• **Task requirements**: Go through the entries below and print, exactly, the lines starting at the one with "Friends sitting in car" and ending at the one with "unfurnished living room", keeping both ends and no others.
-------- Record extracts
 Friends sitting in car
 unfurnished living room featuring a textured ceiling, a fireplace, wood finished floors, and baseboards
----------------
-------- Record extracts
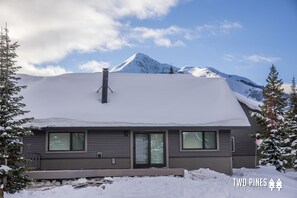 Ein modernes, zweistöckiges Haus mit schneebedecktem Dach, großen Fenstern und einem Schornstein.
----------------
• **Response to this exercise**:
 Friends sitting in car
 unfurnished living room featuring a textured ceiling, a fireplace, wood finished floors, and baseboards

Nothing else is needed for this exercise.